◆ Task description ◆
Give back the entries that follow exactly as written. Any picture gets left out.
^^^^^^^^
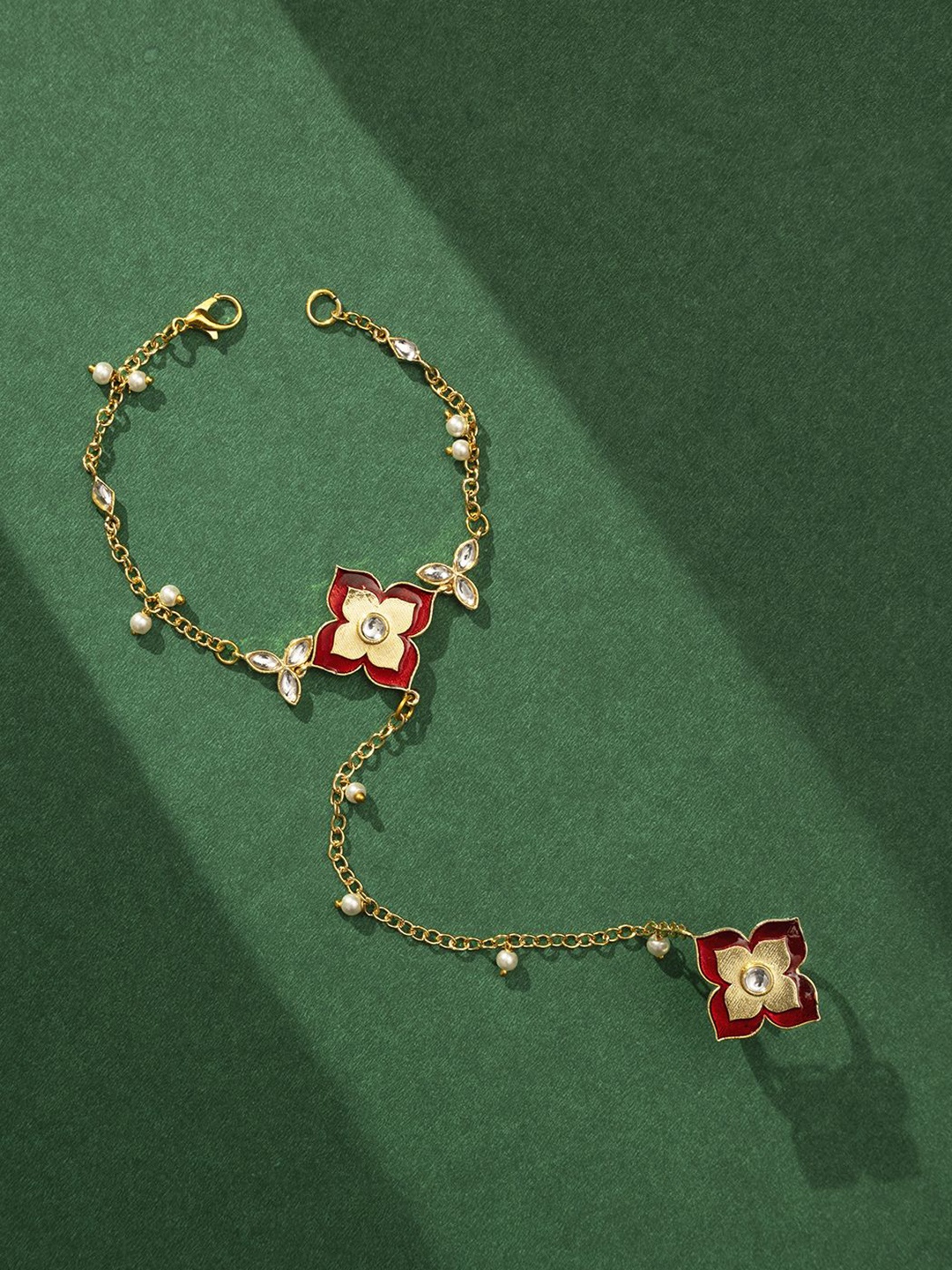

TEEJH Women Handcrafted Gold-Plated Ring Bracelet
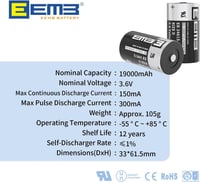 EEMB D típusú 3,6V nagy kapacitású lítium elem CNC gépekhez, 4 db 2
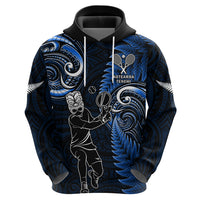 Custom New Zealand Tiki Tennis Hoodie 2024 Aotearoa Tenehi Maori Silver Fern - Blue LT14 - Polynesian Pride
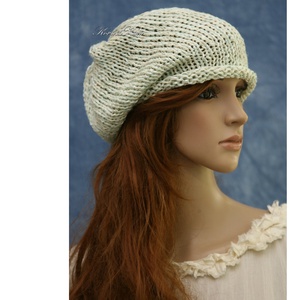 BEANIE / körte - trendi kézzel kötött sapka /  menta  - ruha & divat - sál, sapka, kendő - sapka - Meska.hu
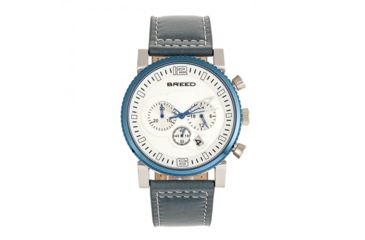 Image of Breed Ryker Chronograph Leather-Band Watch w/ Date, Teal/Silver, One Size, BRD8201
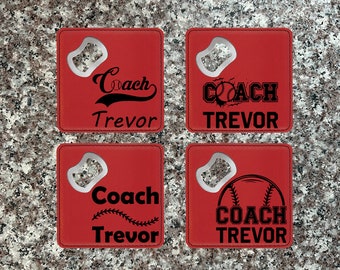 4 Pack Baseball Coach Bottle Coaster, Leather Coaster Bottle Opener, Personalized Coaster, Gift For Dad, Gift For Men, Engraved Coaster Set.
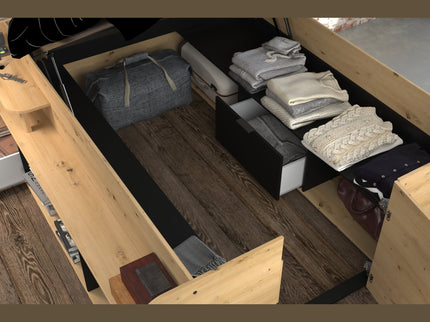 Parisot Stauraumbett Travel 1 - 140x200 – Stauraumbett in Eiche/Schwarz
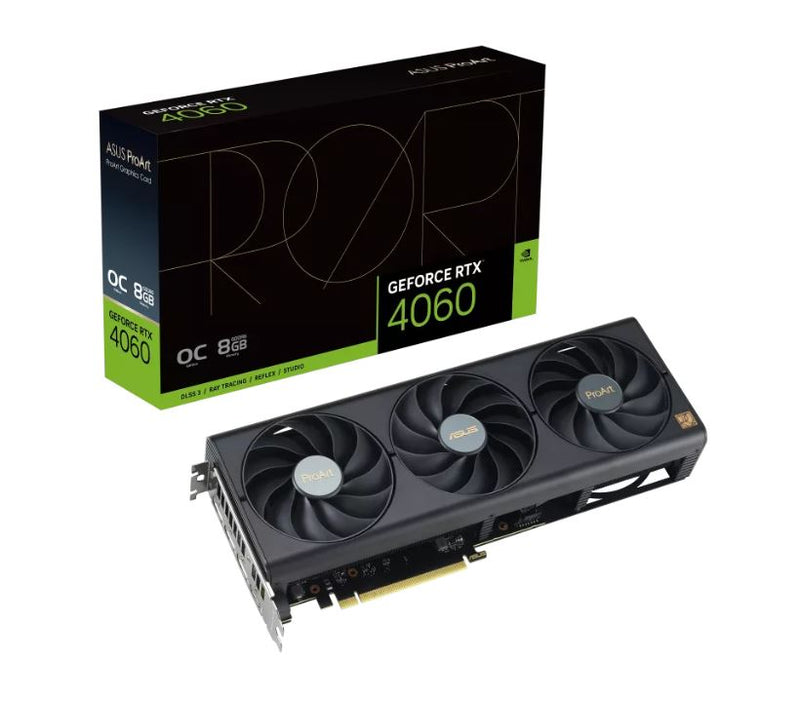 ASUS nVidia GeForce PROART-RTX4060-O8G RTX4060 OC edition 8GB GDDR6, 2550 Mhz Boost Clock, RAM 17 Gbps, 3xDP, 1xHDMI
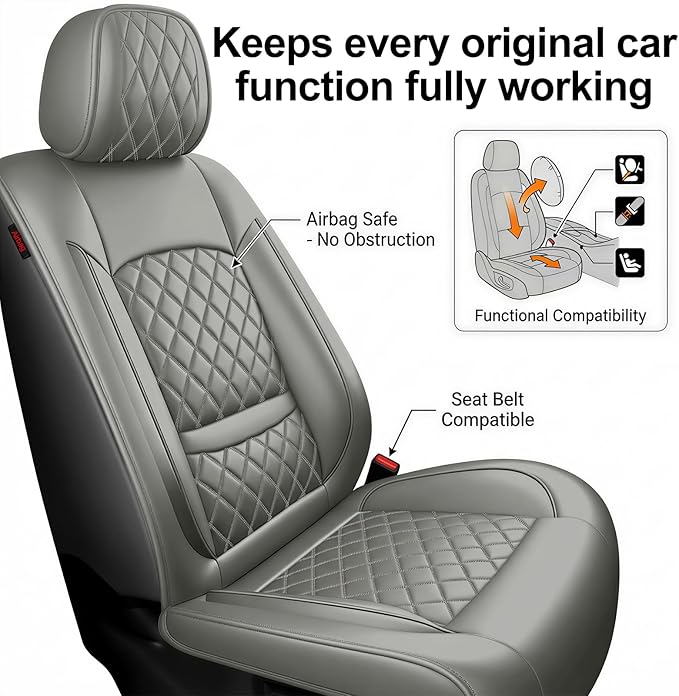Fit RDX Car Seat Covers for Acura RDX 2010-2025 2026 - Premium Leather, Waterproof, All-Weather, Airbag Compatible, Anti-Slip, Breathable, Easy Install, Seat Protectors, Full Set, Gray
^^^^^^^^
◆ Solution ◆
TEEJH Women Handcrafted Gold-Plated Ring Bracelet
 EEMB D típusú 3,6V nagy kapacitású lítium elem CNC gépekhez, 4 db 2
 Custom New Zealand Tiki Tennis Hoodie 2024 Aotearoa Tenehi Maori Silver Fern - Blue LT14 - Polynesian Pride
 BEANIE / körte - trendi kézzel kötött sapka /  menta  - ruha & divat - sál, sapka, kendő - sapka - Meska.hu
 Image of Breed Ryker Chronograph Leather-Band Watch w/ Date, Teal/Silver, One Size, BRD8201
 4 Pack Baseball Coach Bottle Coaster, Leather Coaster Bottle Opener, Personalized Coaster, Gift For Dad, Gift For Men, Engraved Coaster Set.
 Parisot Stauraumbett Travel 1 - 140x200 – Stauraumbett in Eiche/Schwarz
 ASUS nVidia GeForce PROART-RTX4060-O8G RTX4060 OC edition 8GB GDDR6, 2550 Mhz Boost Clock, RAM 17 Gbps, 3xDP, 1xHDMI
Fit RDX Car Seat Covers for Acura RDX 2010-2025 2026 - Premium Leather, Waterproof, All-Weather, Airbag Compatible, Anti-Slip, Breathable, Easy Install, Seat Protectors, Full Set, Gray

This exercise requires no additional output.